Thank you, I sent a friend request through the page. I had found it earlier, but it seems to be a page for people owning/involved with her dogs, so wasnt sure if I should try to join. She has a lot going on right now from what I can see on the page, so I will refrain from messaging her thru FB at this time. Last thing she needs is inquiry emails, and perhaps will see mine sent yesterday at some point.


----------



## wolfstraum (May 2, 2003)

Lots of websites are stagnant.....lots of reasons

Scrutiny of USDA has been suggested as one.....

Just progress - sites done in old software, old operating systems, source data lost in computer upgrades or crashes....

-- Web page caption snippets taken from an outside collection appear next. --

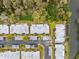 Overhead view of a tidy neighborhood with single-story residences beside a waterway, showcasing mature landscaping at 4235 Richmere Dr # 4235, New Port Richey, FL 34652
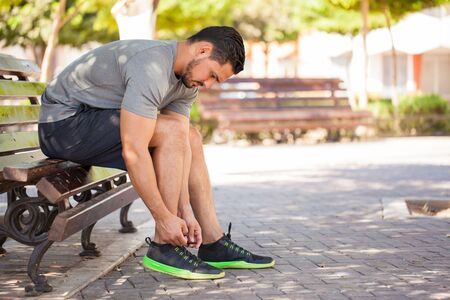 Profile view of an attractive young man tying his shoes and getting ready to go for a run outdoorsの写真素材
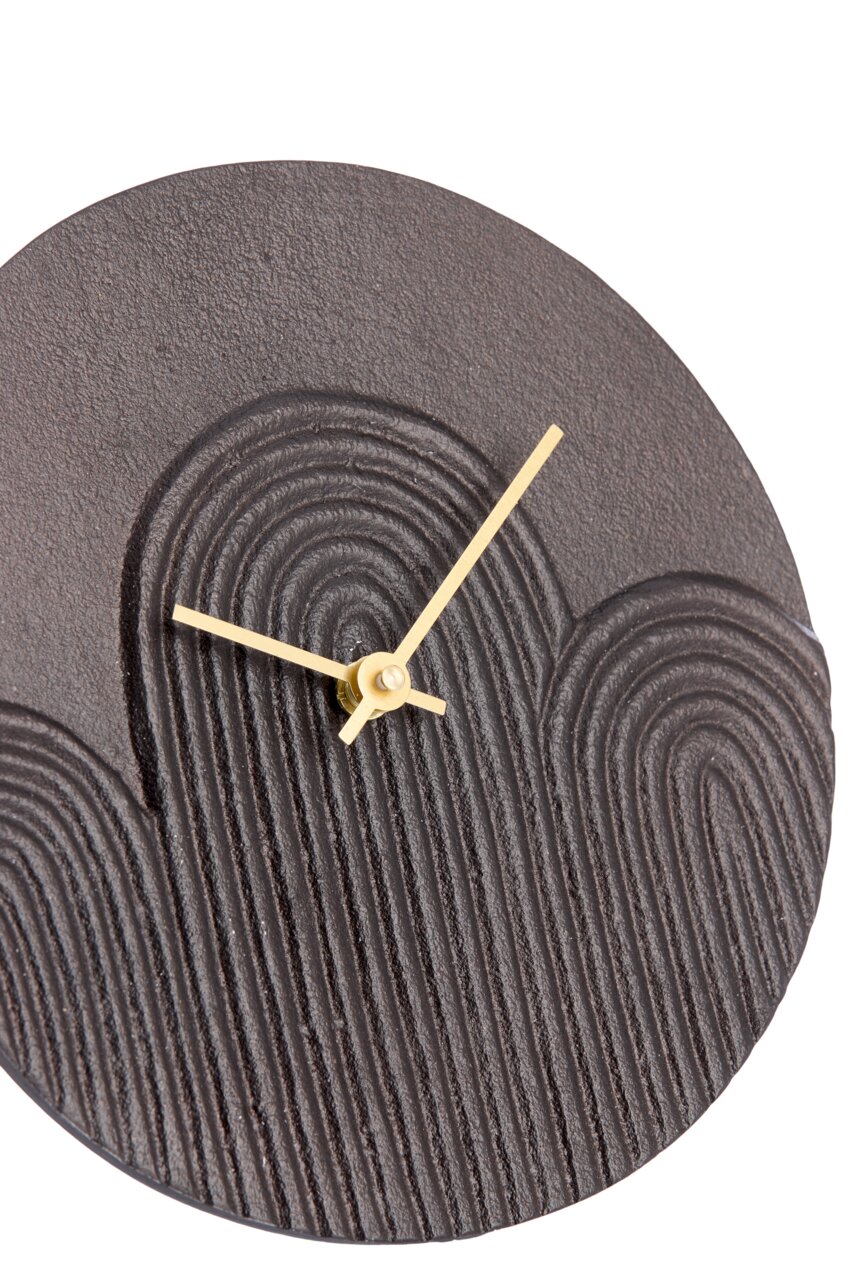 Close-up van een moderne, ronde wandklok met een gestructureerde, donkere wijzerplaat en gouden wijzers, gezien van bovenaf.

I, for one, cannot find my info to even get into mine - lost my upload software and it is done in a software I cannot find the disks to reinstall - was part of old Microsoft office and not on any newer versions....   

Facebook taking over as source of info for many of us...

Lee


----------



## Rosy831 (Feb 27, 2016)

I am on her facebook group. Give her a few days to accept your request, she has had a rough couple of days.


----------



## Cassidy's Mom (Mar 30, 2003)

Daisy said:


> Thank you, I sent a friend request through the page. I had found it earlier, but it seems to be a page for people owning/involved with her dogs, so wasnt sure if I should try to join.


I'm in the Blackthorn FB group and I don't have one of Christine's dogs, and also the von Wolfstraum group. I don't have a dog from Lee either. Neither group is strictly for people who have their dogs, it's also people who admire them and might want to have one some day.


----------



## Emoore (Oct 9, 2002)

Rosy831 said:


> I am on her facebook group. Give her a few days to accept your request, she has had a rough couple of days.


Yes this exactly. I'm on her facebook too. I don't have one of her dogs; just admire them and might want one in the future.


----------